“They need not go away; you give them something to eat.” (Matthew 14:16)
In the account of the miraculous feeding of the 5,000, Jesus invites His apostles to feed a crowd which likely exceeded 15,000 people! How could the Apostles obtain sufficient food for this mandate? Interestingly the Apostles would be the ones to distribute this miraculous meal, but they were not the ones to purchase or create it. Jesus blessed the bread and fish, then Sunday’s Gospel records, “Then he broke the loaves and gave them to the disciples, and the disciples gave them to the crowds.” (v 19b).
Through the centuries theologians have seen a connection between the feeding of the 5,000 and the feeding of God’s people in the Lord’s Supper.
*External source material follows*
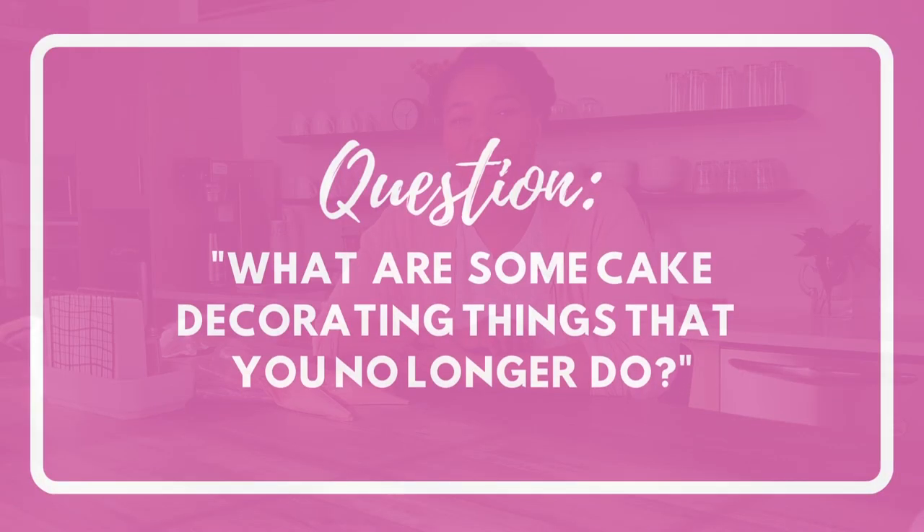Now that you're a little bit further along your cake decorating journey, what are some things that you don't do anymore? Go ahead and share it with us in the comments below. If you're here and you want to learn more about cake decorating, check out my channel for tips, tutorials, and recipes. If you enjoyed this video, be sure to check out this one right here. Thanks for watching — bye!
Parallel to the Eucharist, Jesus blesses the food, breaks the bread, and then gives to the Apostles for distribution. Though this meal for the 5,000 men is NOT a celebration of the Lord’s Supper, yet it is a Holy Supper celebrated in the presence of the One who blessed the food. Though we cannot see the Lord Christ when we partake of the Lord’s Supper, yet He is every bit as present as when He fed the 5,000. Interestingly early church art also frequently depicted the Lord’s Supper as a meal of fish, no doubt calling to mind all the miraculous fish-meals blessed by Jesus, uniquely reminiscent of the miraculous feeding of the 5,000 and then the feeding of the 4,000. Oscar Cullmann explains, “Early Christian art frequently represents the Lord’s Supper under the form of a meal of fish.”[1]
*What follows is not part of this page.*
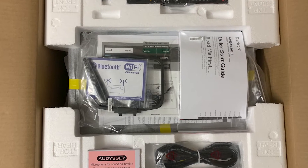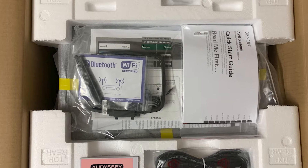Can you walk us through your unboxing and setup experience? The unboxing and setup procedure is pretty straightforward. You unbox the AVR, connect it with the speakers and subwoofer, and run Audyssey, which is the room correction system used by Denon. It shouldn't take you more than 15 to 20 minutes.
A person seeking Christian truth might ask how it is possible that Christ could, in Holy Communion, sacrificially feed the millions of Christians throughout the centuries with His “finite” body and blood. As if anticipating this question, Jesus, as recorded in all four Gospels, fed the 5,000 men with five loaves and two fish—with more left after the meal than when the meal began. Including women and children, the number that Jesus fed likely exceeded 15,000! Christ truly and miraculously fed around 15,000 people with merely a handful of bread and fish. If Christ can feed 15,000 with the truly finite elements of fish and bread, can He not feed millions His body in which the fullness of deity dwells? In the Lord’s Supper Christ, though His flesh and blood are truly eaten, is not consumed or used up; the body and blood of Christ will not run out, something taught by the continually flowing bread in this miraculous feeding of the 15,000.
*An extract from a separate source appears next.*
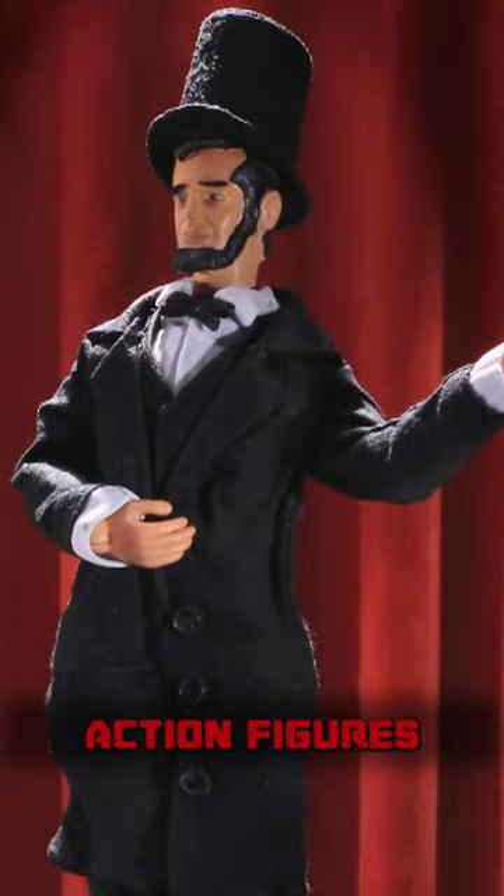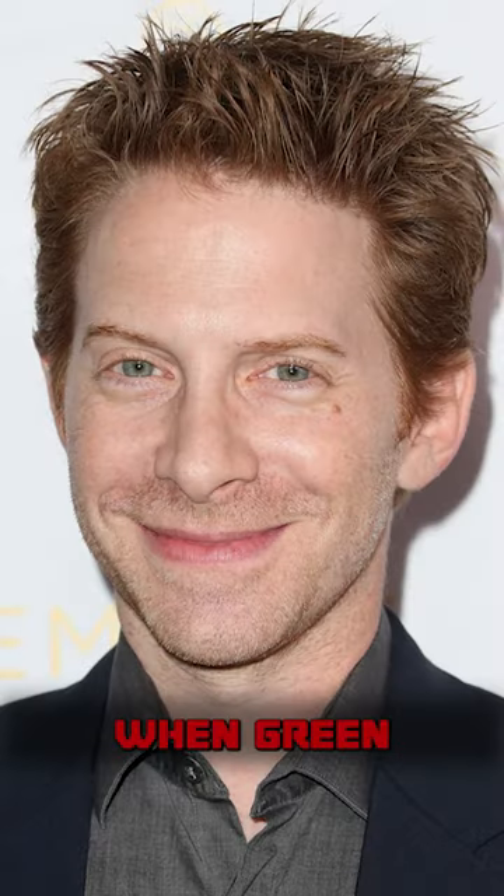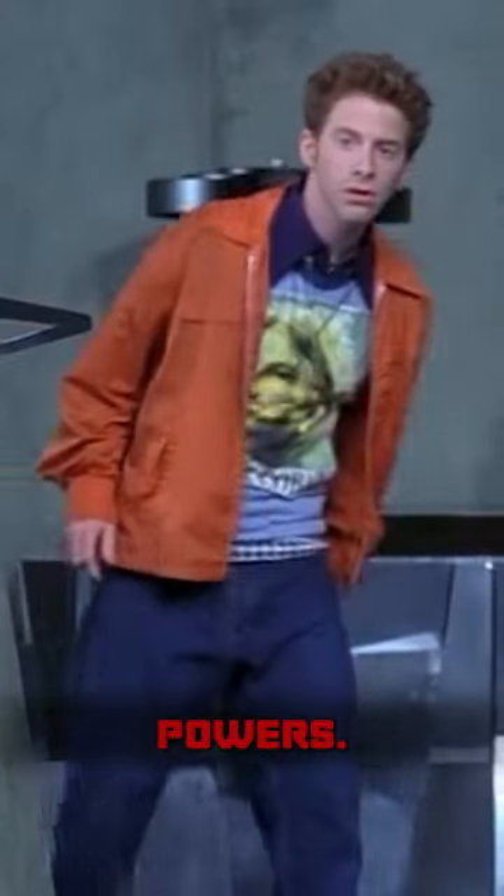The concept of using action figures for stop-motion animation came about in 1999, when Green was set to appear on Conan O'Brien and confided in Senrick that he really had nothing to talk about on the show. Green pitched the idea of taking a 12-inch Conan O'Brien action figure produced by Hasbro and having it star alongside an action figure of Seth Green's character from Austin Powers.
As the Apostle Paul rehearses the foundational meaning of the Sacrament of the Altar in his first letter to the Corinthians, he rhetorically reminds us, “The cup of blessing that we bless, is it not a participation in the blood of Christ? The bread that we break, is it not a participation in the body of Christ?” (10:16). Though this verse is rightly used to explain the belief in the Real Presence, note also that Apostolic distribution of the Sacrament underlies the verse. The cup of blessing that WE BLESS…The bread that WE BREAK. The “we” doing the blessing of the cup and the breaking of the bread is indeed the Apostles and then those who carry on this Apostolic work as pastors. Though Christ’s blessing at the institution of the Sacrament is the source and power behind the miracle of the Lord’s Supper, yet even as He told the Apostles at the feeding of the 5,000, “…you give them something to eat,” so it continues today as the Apostles and those continuing their work are called upon to give God’s people the holiest food. It is a food far holier than the bread and fish in the feeding of the 5,000, for it is the very body and blood of God.
[1] Oscar Cullmann and F. J. Leenhardt, Essays on the Lord’s Supper, (London: Lutterworth Press, 1958), First Essay: “The Breaking of Bread and the Resurrection Appearances,” 10.